Google search for restaurants in Swansea gives me 13 results on the first page, plus some links - I am tempted to say "only 13 results":

  • First I get Google Ads - well, ok, I know the companies are paying for this, which makes it acceptable, and my luck is in. Nobody has an ad today.
  • Next I get Google Places - but this is limited to only three restaurants. To see more, I have to open it up and then I can get the list. But the list itself has no order that I can make out. It can't be the number of stars or reviews they have as there are some really good resturants down the list with great reviews and more stars than the ones at the top.. So that's no good to me, so I start to look at the list in organic search.
  • Organic Search results are entirely dominated by review sites, Trip Advisor, Wales Online etc. Since when did Trip Advisor ever so much as turn on a cooker? I have to navigate to the forbidden world of Page 2 to find my first actual independent restaurant listing, and to page 3 and 4 before these become common.

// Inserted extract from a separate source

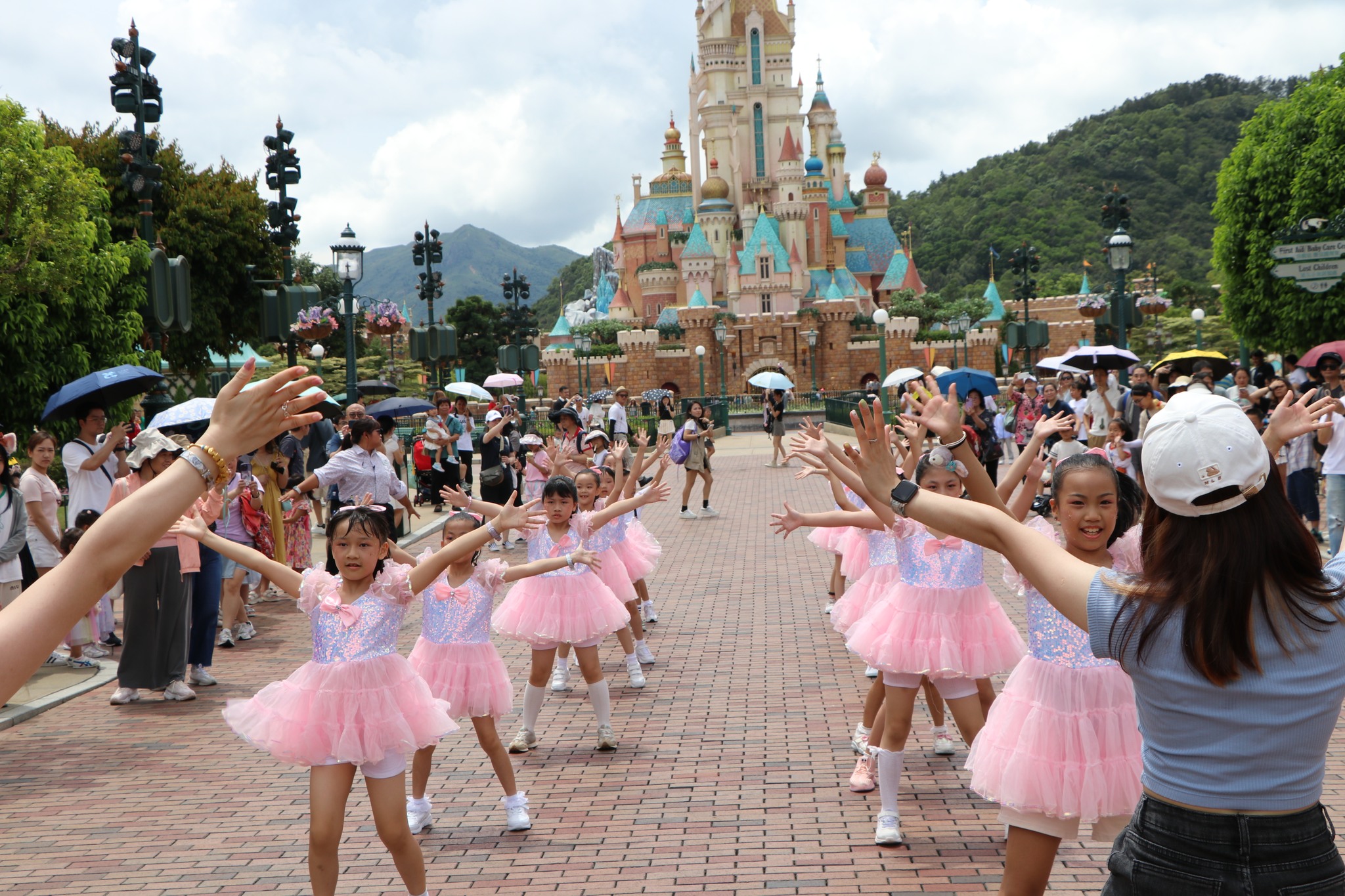 Disney04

To show I am not biased I try the same search in Bing and it's exactly the same, only this time I get some ridiculous carousel with a ribbon of stars across the top of my page, every single one of which has the words Trip Advisor inserted into it. As if anyone ever trusted a Trip Advisor review...

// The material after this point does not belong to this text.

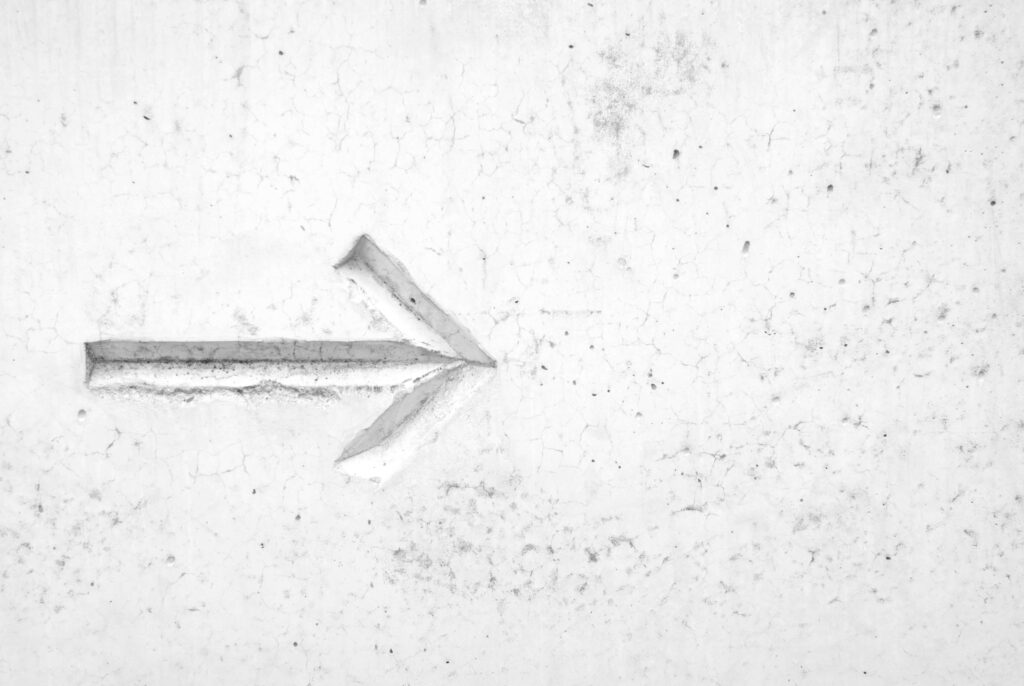 Image for Contingent vs. Engaged Recruitment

I try it on mobile. The web is full of articles telling me how Google has adapted to mobile search. But, to be honest, the results are just as disappointing. It is pretty much the same list, uninformed by anything remotely human, unsegmented and hard to browse.

I try Facebook. This is where everyone is, all sharing information and letting everyone know after all. Results here go on forever, so again my browing experience is totally wrecked by the interface. Worse still, when I check the dates, postings come from as far back as 2011 and there is nothing from 2016 at all apart from the rather depressing tale of a raid on an Indian restaurant against illegal immigration.

Where does the real problem lie?

My issue is that these companies are no longer supplying me with a "browsing experience", they are manipulating data against a preferred set of facts.  Not only that, but I have no idea what the algorithm they are using is to begin with. It's a secret, after all. Try asking for an alphabetical list of restaurants and my bet is you will never find it. Now, I could turn my preferences on in the search engines, reveal more about myself, add reviews myself and maybe contribute in a way that makes the process more acceptable, but I don't want to do that. Why should I open the curtains in my house so the neighbours can peek in?

Now I am no dummy. I know that "search" is Google's way of making money. So it is going to favour the search terms that are going to feed the monster. To suggest anything else is insane. After all how would the CEO of Google, Sundar Pichai, look if he was to let his shareholders know he had not "maximised his revenue streams" this year. So, just like my friend says is true of Microsoft, we now seem to be paying an unseen price for an inadequate product. And because it has become a monopoly, we have stopped realising there ought to be something better.

I can't prove this, but my impression is that the process has got worse. A few years ago, I really would have got a list of independent websites listed. The decline of quality search seems to be in direct proportion to Google's fiddling the results with their algorithm changes. Now, I may be alone in complaining. I could just be plain wrong. After all hundreds of millions of searches are done each day and there is no mass uprising to replace Google any time soon. I just feel that we should not have to put up with this just, because there is nothing better.

I will return to this question when I look at how small businesses are struggling with Google's monopoly and lack of transparency, and to look at the way our addiction to Google has left small businesses vulnerable to SEO decisions of doubtful value which they have no control of, and to ask if there is a way out, or if the monopoly of the big organisations on the web is actually strangling creativity and growth.